A alma não tem o seu lugar no pensamento metafísico. É a própria realidade e só as figuras típicas que encarnam a atitude dum povo podem exprimir o que é a alma.

É muito diferente conhecer um país como itinerário, com a consulta académica dos seus livros, e conhecê-lo de maneira quotidiana, natural e familiar. Eu conheci o Brasil assim, antes de cruzar as suas portas com o passaporte na mão. Meu pai, que foi homem rico e proprietário de boa parte da Rua do Ouvidor, no Rio, sentava-se à mesa tarde, como fazem os boémios, trazendo com eles um sorriso enigmático. Era feito de lembranças de tertúlias e de pactos. Era um homem afável e perigoso. Sempre exerceu em mim uma fascinação reservada. Eu invejava-lhe a vida passada, invejava-lhe o Brasil que ele tinha nas veias como se fosse parente de sangue. Às vezes falava do Brasil urbano onde ele viveu vinte e cinco anos. E eu ouvia, com essa incredulidade dos que adivinham a experiência que nos foge pelos abismos do tempo. Era um cavalheiro com as mulheres, o que os europeus não são e creio que não foram nunca porque julgam as mulheres, e julgar é uma forma de desamor, de perfídia, se quiserem. A consciência moderna é sobretudo crítica, o que quer dizer que aborrece a fé. Está voltada para poderes supostamente mais elevados como a ciência. Mas o Brasil, que não teve Freud como tutela, escapa às contradições da agitação terrena e deixa que o divino coexista e trabalhe com os homens. A incapacidade de Freud para compreender a linguagem religiosa fez da cultura europeia um lugar árido, ainda que cultivado, como certos jardins franceses em que prevalece a geometria e onde não crescem flores.

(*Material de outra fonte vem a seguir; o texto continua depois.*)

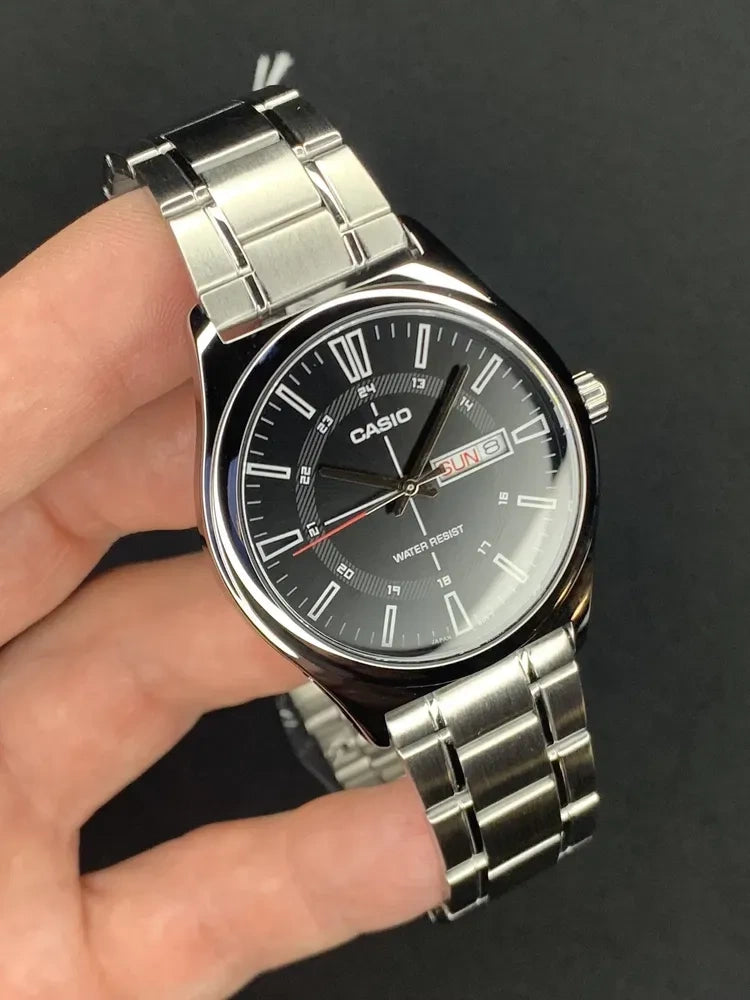 Zegarek Męski Casio MTP-V006D-1C + BOX-4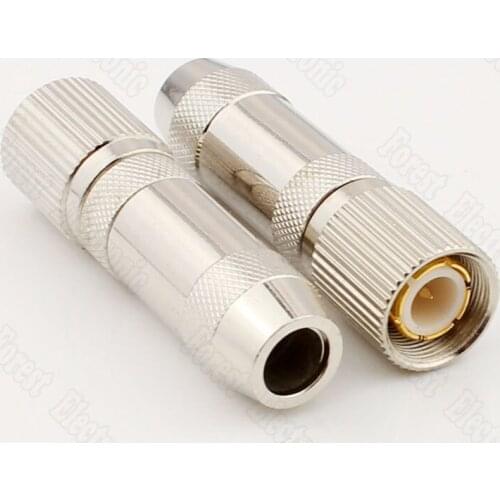 50pcs/lot L9-75-3 2 Trillion 2M Connector L9-3 Cable Connector SYV75-3 L9 Adapter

O Brasil ensina-nos essa via suburbana que é a alma. É feita de coisas completamente reais, que nos acontecem todos os dias e que existem dentro e fora do código penal; dentro e fora do catecismo e da regra política. Sem o conhecimento dessa experiência livre e complexa dos nossos encontros com os outros, vizinhos e estranhos.

O mundo precisa de sábios e de criadores. Mas precisa igualmente de pessoas naturais, conversáveis, sem a mística da avaliação que é comum nos negócios, em que se cruzam interesses e sentimentos. Os sentimentos, que tão bem têm servido os poetas, perturbam muitas vezes a arte de se ser só. Esforçamo-nos por nos aparentarmos com alguém e acabamos por verificar que ninguém quer um parentesco connosco. Todas as ideologias e toda a moral religiosa ou cívica assentam na afinidade com os outros. Mas tal afinidade não existe. Tudo começou porque se imaginou sermos feitos à imagem e semelhança de Deus, o que é duma soberba pouco menos que ridícula. Deus é um condutor de energias e não um parente lá de casa. Sendo assim, temos que ver os outros, de toda a espécie, nação e cultura, como uma variedade de casos para resolver. Ninguém tem a chave para a felicidade, mas depende de nós sermos apropriados ao tempo em que vivemos. O que era bom ontem, pode ser hoje nefasto. Temos que inventar um modo transitório de ser infalível.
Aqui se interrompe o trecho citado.